A step closer to personalised breast cancer treatment

6 May 2016

The discovery of five new genes associated with breast cancer and 13 new mutational signatures that influence tumour development will help clinicians develop more personalised options for treating the disease. 

Researchers from the International Cancer Genome Consortium Breast Cancer Working Group at the UQ Centre for Clinical Research (UQCCR) contributed to the project, the largest-ever global breast cancer genome sequencing study.

The results, published in Nature and Nature Communications,reveal where some cellular processes go wrong and how this stimulates cancer formation.

UQCCR’s Professor Sunil Lakhani said the analysis of 560 genomes to learn why breast cancer develops the way it does will improve how patients receive treatment.

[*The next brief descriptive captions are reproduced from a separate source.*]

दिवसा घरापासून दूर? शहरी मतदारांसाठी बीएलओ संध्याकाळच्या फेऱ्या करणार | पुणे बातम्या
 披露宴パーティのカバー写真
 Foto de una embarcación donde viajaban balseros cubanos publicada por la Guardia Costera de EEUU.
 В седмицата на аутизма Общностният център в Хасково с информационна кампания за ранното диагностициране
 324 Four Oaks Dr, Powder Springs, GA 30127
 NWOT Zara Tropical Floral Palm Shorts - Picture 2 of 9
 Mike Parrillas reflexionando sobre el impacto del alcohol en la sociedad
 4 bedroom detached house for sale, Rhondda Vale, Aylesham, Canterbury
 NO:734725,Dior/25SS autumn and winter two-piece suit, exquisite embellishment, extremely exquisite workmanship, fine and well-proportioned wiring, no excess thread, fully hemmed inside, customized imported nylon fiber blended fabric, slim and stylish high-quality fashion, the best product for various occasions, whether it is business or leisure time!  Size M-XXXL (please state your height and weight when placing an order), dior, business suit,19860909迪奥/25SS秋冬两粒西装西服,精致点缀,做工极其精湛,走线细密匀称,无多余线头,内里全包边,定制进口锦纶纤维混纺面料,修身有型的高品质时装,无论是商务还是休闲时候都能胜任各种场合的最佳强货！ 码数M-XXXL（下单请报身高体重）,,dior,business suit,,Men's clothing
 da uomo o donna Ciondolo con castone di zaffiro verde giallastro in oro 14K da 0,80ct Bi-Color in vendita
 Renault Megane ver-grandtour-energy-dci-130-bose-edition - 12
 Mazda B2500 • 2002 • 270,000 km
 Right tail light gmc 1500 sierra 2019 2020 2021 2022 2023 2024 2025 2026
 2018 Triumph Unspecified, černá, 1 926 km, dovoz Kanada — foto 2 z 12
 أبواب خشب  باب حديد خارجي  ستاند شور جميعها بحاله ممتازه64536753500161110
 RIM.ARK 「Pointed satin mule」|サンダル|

“We now understand that while the mutations of BRCA1 and BRCA2 genes are known to increase the predisposition to breast cancer, the DNA mutation patterns are distinct indictaing that the way they cause breast cancer is quite different,” Professor Lakhani said.

“Knowing what genetic variations exist in breast cancer and exactly where they occur in the genome will help us better classify familial breast cancer patients and work out the most appropriate treatment for each person.”

Dr Peter Simpson, also from UQCCR’s International Cancer Genome Consortium Working Group, said looking closely at the DNA’s repair machinery and the mutation processes that occur in cancer will help researchers identify the defective cellular processes that cause the cancer to start in the first place.

“Our DNA is constantly adapting in response to damage by environmental factors or simply from wear and tear in the cell. The patterns of these mutations, their mutational signatures, give us clues about what causes a cancer.

“Now we’ll be able to understand what influences breast cancer, just like we now understand how lung cancers are linked to cigarette smoking and skin cancers are linked to excessive exposure to UV sunlight,” said Dr Simpson.

The international study was led by Professor Sir Michael Stratton from the Wellcome Trust Sanger Institute in the UK and involved breast cancer patients from around the world, including Australia, the USA, Europe and Asia.

The Queensland-based institutions involved in the study include Pathology Queensland, QIMR Berghofer, and the Royal Brisbane Women’s Hospital’s Breast Unit.

The Brisbane Breast Bank, set up ten years ago and now housed at the UQCCR, played a pivotal role in supplying breast cancer tissue for analysis from consenting patients.